« LA REPUBLIQUE EN OTAGE : LE BLUES DU GENREUX » est une tribune dédiée à « la mémoire des héros de l’Indépendance du Mali » par l’intellectuel Mohamed Salikéné Coulibaly à l’occasion du 60e anniversaire de l’indépendance de notre pays. Une brillante cogitation sur les tares qui ont été des entraves, des obstacles au développement du Mali depuis la rupture du 19 novembre 1968. A défaut de publier entièrement cette tribune qui nous aurait pris plusieurs pages de notre journal, nous présentons ici quelques lignes de « Blues du genreux » qu’il faut rapidement déraciner pour amorcer le changement escompté à tous les niveaux.
Depuis l’accident historique de Novembre 1968, où de jeunes officiers subalternes sans culture ont ravi le pouvoir, s’est peu à peu répandu un réflexe utilitaire du service de l’Etat, faisant toute sa place au système relationnel de la société malienne. Ainsi, vous pouviez vous retrouver à tous les postes désirés, si vous avez l’onction des jeunes putschistes d’alors, qui ne se privaient de rien pour affirmer leur statut de « nouveaux maîtres » du pays. Le mérite, le diplôme et le savoir n’assuraient plus la promotion de l’agent au service. L’ascenseur direct était le coup de piston de la junte et alliés. Il a bien profité aux relations intimes et à leurs recommandés.
Le pays n’a pu se sortir depuis de ce pervertissement, d’autant que des nuls étaient appelés et tolérés à de hauts postes de sinécure, où ils étaient mis pour jouir, et, ce faisant, devaient apprendre la mécanique routinière des choses qui les conforteraient.
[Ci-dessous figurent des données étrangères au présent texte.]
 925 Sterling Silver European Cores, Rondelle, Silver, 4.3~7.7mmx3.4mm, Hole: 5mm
Il fallait juste maîtriser un langage, et non développer un savoir. Cela explique d’ailleurs le syndrome de l’ultracrépidarianisme dont nous souffrons de nos jours, à travers la manie de pouvoir s’exprimer en français et de faire injure à la technicité. Conséquence : les abrutis n’ont plus de complexe, ils ont vu des leurs pavoiser à la tête de l’Etat et dans les Institutions qu’ils pensaient réservés à une élite ; il doit donc y avoir de la place pour eux tous.
S’y sont mis aussi les associations d’anciens et amicales de frondeurs, d’ici et d’ailleurs, comme un faire-valoir républicain. « On s’est opposé, et on a même jeté des cailloux ». Sapeurs et sabreurs, chacun réclame des galons de soldat, en quête de la reconnaissance d’avoir été d’un épisode de lutte… glorieuse (!?).
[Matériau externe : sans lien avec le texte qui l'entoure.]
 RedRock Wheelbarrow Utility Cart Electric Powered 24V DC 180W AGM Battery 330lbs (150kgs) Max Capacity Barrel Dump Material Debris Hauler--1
Les anciens de l’UNEEM en ont fait un fonds de commerce avec ATT, qui en avait sur la conscience avec la mort d’Abdoul Karim Camara dit Cabral, secrétaire général de l’association lâchement assassiné dans des circonstances qu’il s’est abstenu jusqu’ici d’élucider, ne lâchant que quelques bribes. Ceux de l’AEEM aussi ont suivi cette « mendicité corporatiste » opportuniste, avec des déclarations tapageuses sur les antennes nationales pour marquer l’accès au perchoir des leurs.
Un Etat vidé de son essence et abandonné à des hyènes gloutonnes
L’Etat malien, vidé de son essence, a longtemps vaqué dans ce régime des hyènes gloutonnes, faisant leur festin sur sa carcasse. Ce qui a engendré la sclérose de son Administration et porté ses employés sur le gain immédiat, au lieu du résultat attendu de leur travail. Les enfants nés dans cette période d’inversion des valeurs, des années 1970 à l’an 2000, ont entre 20 et 50 ans en 2020.
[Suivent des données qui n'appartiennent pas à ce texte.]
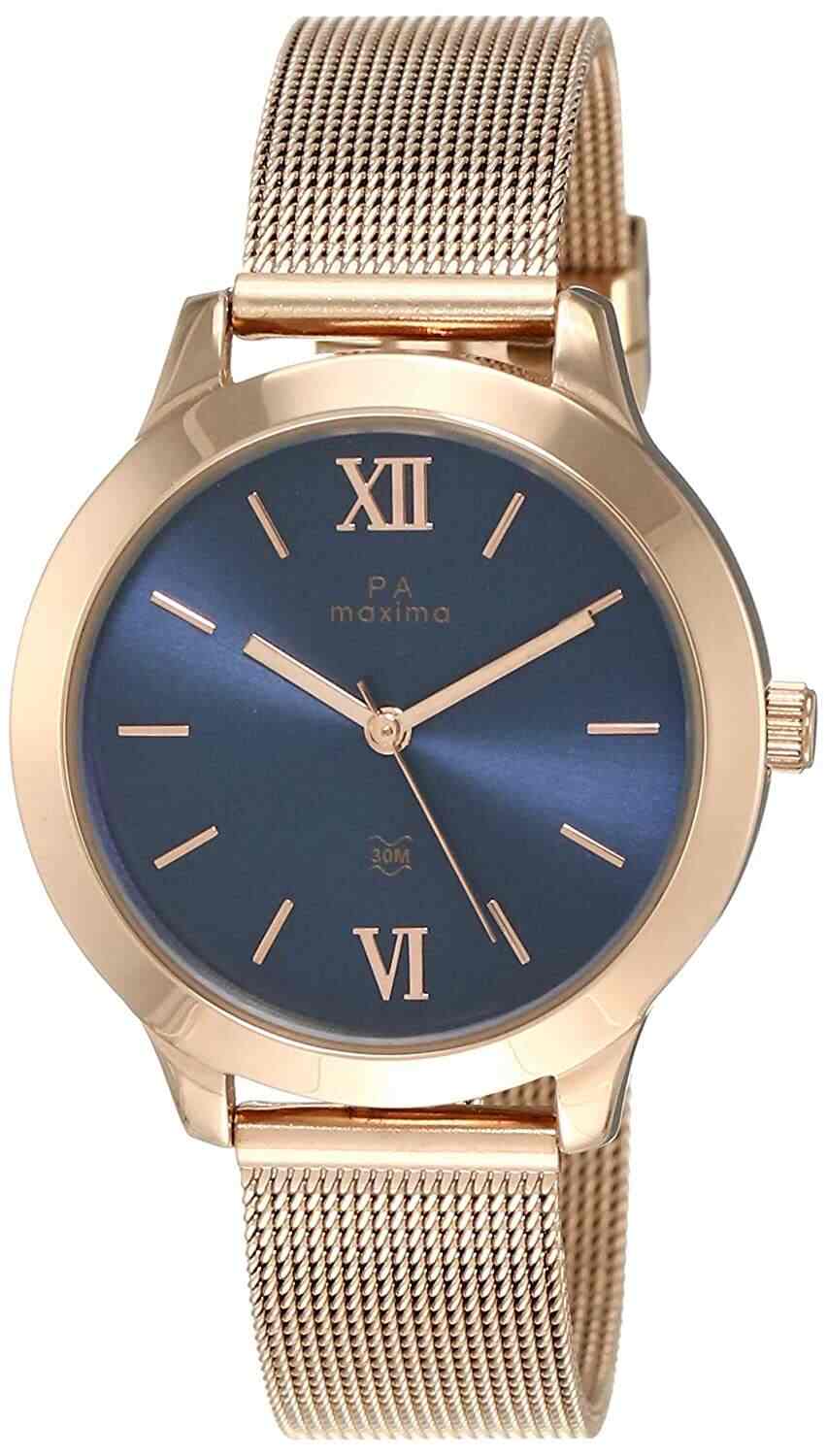 maxima blue dial watch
Ce sont des plus ou moins jeunes, qui n’ont pas vu un Mali autre que celui des usurpateurs du pouvoir, des privilèges de famille, des passe-droits de fonction, des abus du bien public, du népotisme, du favoritisme, de la règle constante des relations pour gagner (concours, emplois, marchés, procès, visas, grades). Et, cette génération se trouve déjà aux affaires. Mieux, elle a vu, ces dernières années qu’il lui a été donné de connaître, des guignols de tout venant promus à de hauts postes de l’Etat, qui plus est, sans le bagage ni la référence, ou encore une moindre légitimité.
Tous ces parvenus, qui ont outrancièrement décrédibilisé le pouvoir politique, l’autorité de l’Etat, se prévalent de liens familiaux (filiation, alliance), d’affinités, de relations troubles, mêlés au clientélisme, à l’affairisme et à la corruption. Le résultat de cette gestion relationnelle sur les 23 ans de régime militaire et sur les trente années de l’expérience démocratique corrodée, chacun l’a vu : un Etat moribond, des pouvoirs décriés, le sentiment général d’injustice, l’absence d’autorité.
C’est dire qu’en vérité, cette génération venant maintenant aux affaires n’est pas aussi choquée par toutes ces pratiques qui, pour elle, ont toujours existé, pensant à tort que le monde, ou du moins le Mali, est ainsi fait. Le ressenti est tout autre chez les générations précédentes, qui ont vu le Mali des hommes droits, courageux, intègres, dignes, sacrifiant discrets au devoir, incapables de soustraire un franc des caisses de l’Etat et de la collectivité. Un autre monde. Les idéaux et les convictions avaient alors un tout autre sens. Des valeurs profondément incarnées par la personne du président Modibo Kéita.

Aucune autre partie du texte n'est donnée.